> [Dataset section]:
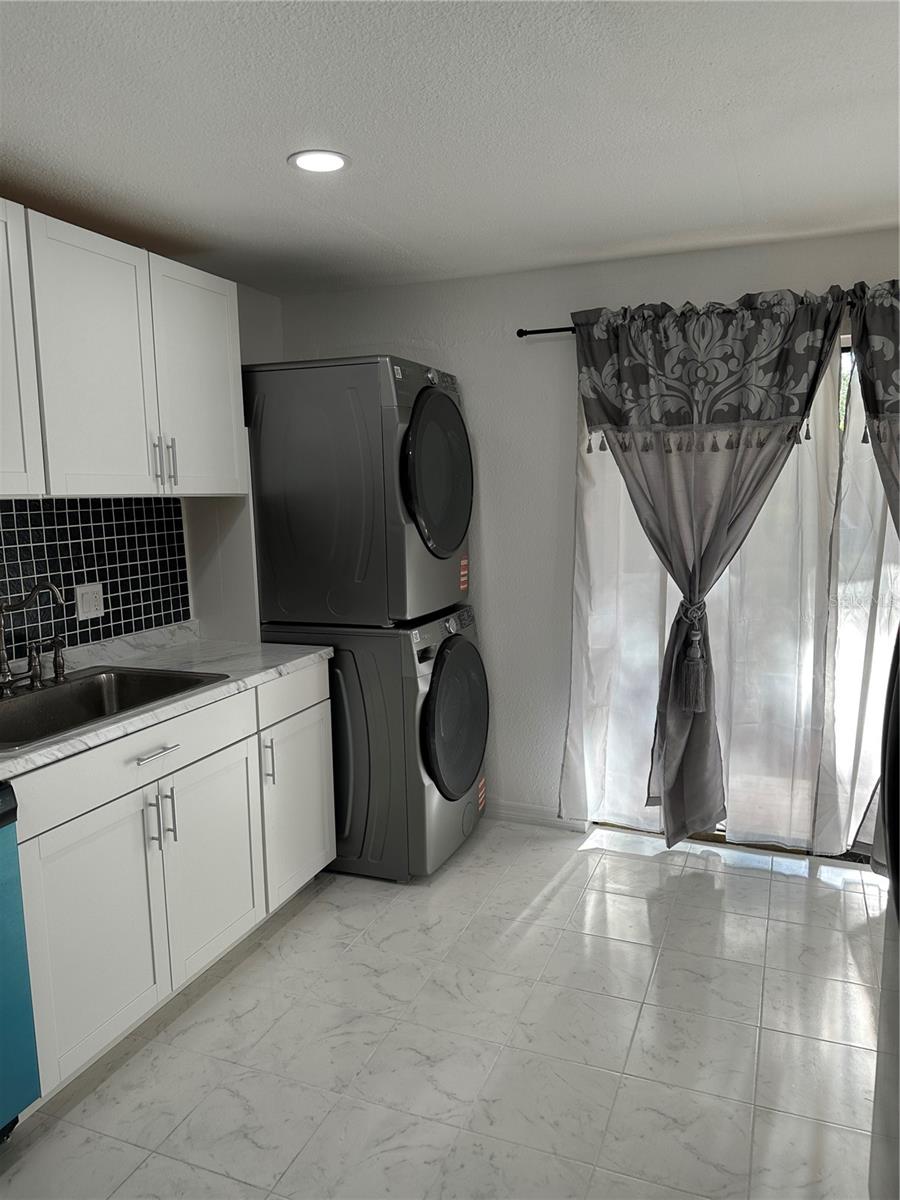 6077 VILLAGE CIR #6077, ORLANDO, FL, 32822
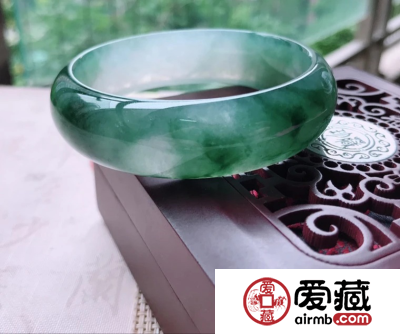 冰糯种翡翠的功效有哪些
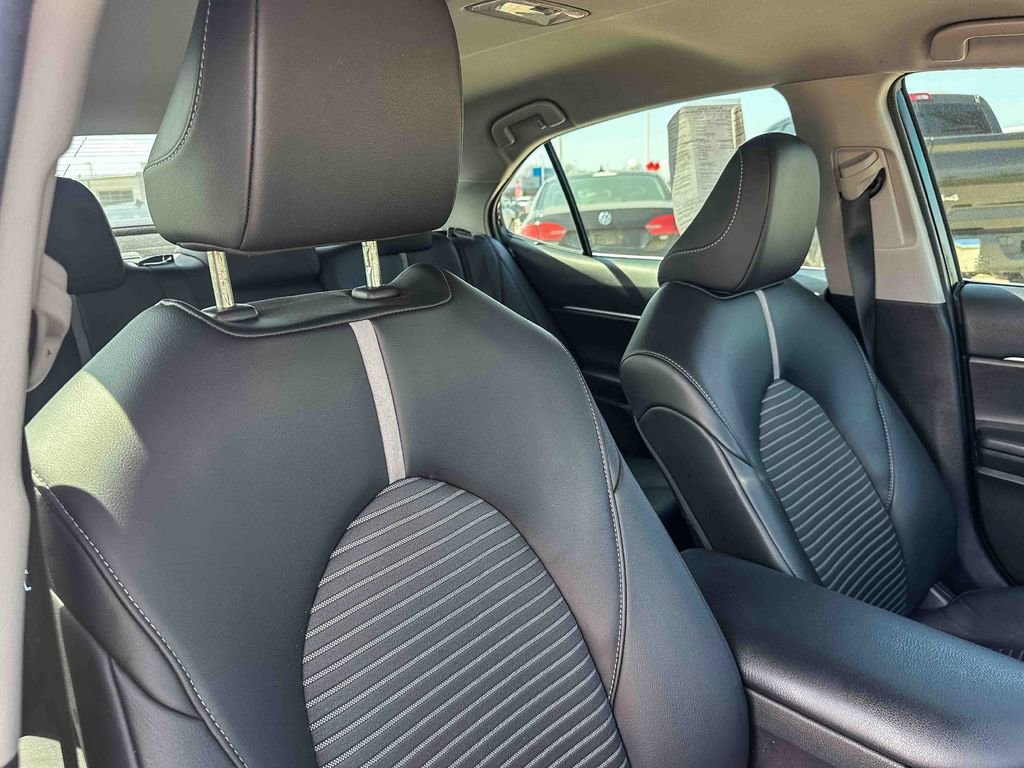 Used 2023 Toyota Camry SE image 22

> [What you will do]: Before writing out the material above, please remove its pictures; everything else stays exact.

> [Result of the exercise]:
 6077 VILLAGE CIR #6077, ORLANDO, FL, 32822
 冰糯种翡翠的功效有哪些
 Used 2023 Toyota Camry SE image 22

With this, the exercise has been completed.